(Excerpts from a dataset)

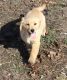 Golden Retriever Puppies for sale in Manilla, IN 46150, USA. price: NA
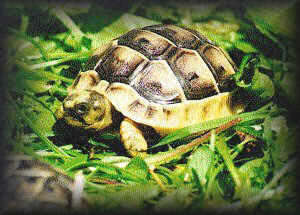 Hatchling Haven
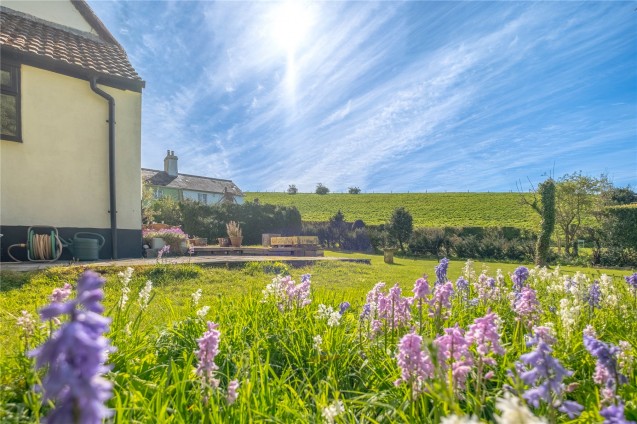 image for Milton Abbas, Blandford Forum, Dorset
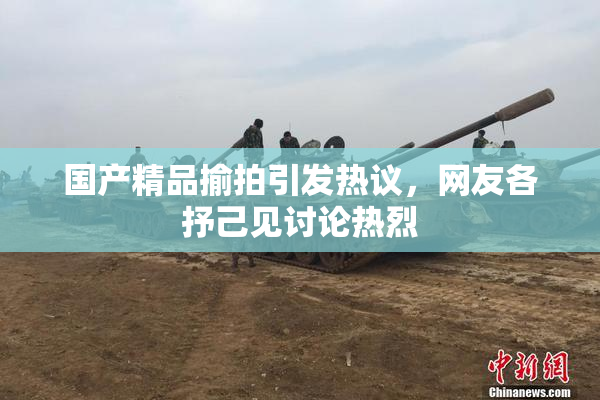 国产精品揄拍引发热议，网友各抒己见讨论热烈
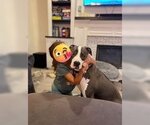 Small #15 American Pit Bull Terrier-Great Dane Mix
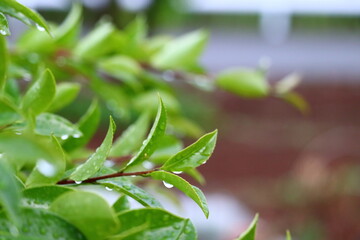 雨上がり、水滴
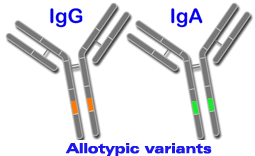 Allotypic differences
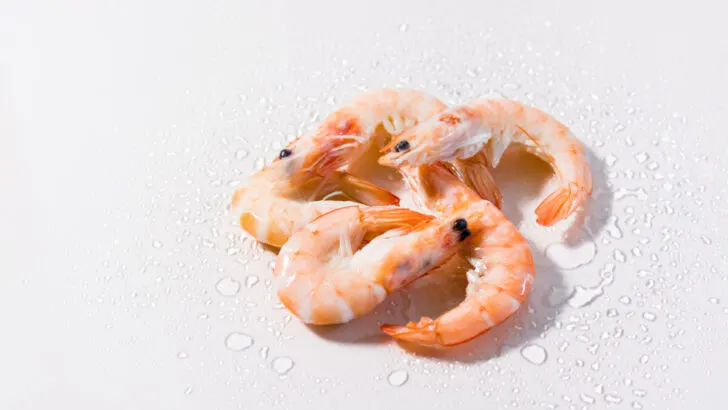 Can You Refreeze Thawed Cooked Shrimp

[WHAT TO PRODUCE] Exactly the lines from the one containing "Hatchling Haven" to the final line of the entries are wanted; please write them out, both ends included, but not the pictures.

[THE COMPLETED TASK]
 Hatchling Haven
 image for Milton Abbas, Blandford Forum, Dorset
 国产精品揄拍引发热议，网友各抒己见讨论热烈
 Small #15 American Pit Bull Terrier-Great Dane Mix
 雨上がり、水滴
 Allotypic differences
 Can You Refreeze Thawed Cooked Shrimp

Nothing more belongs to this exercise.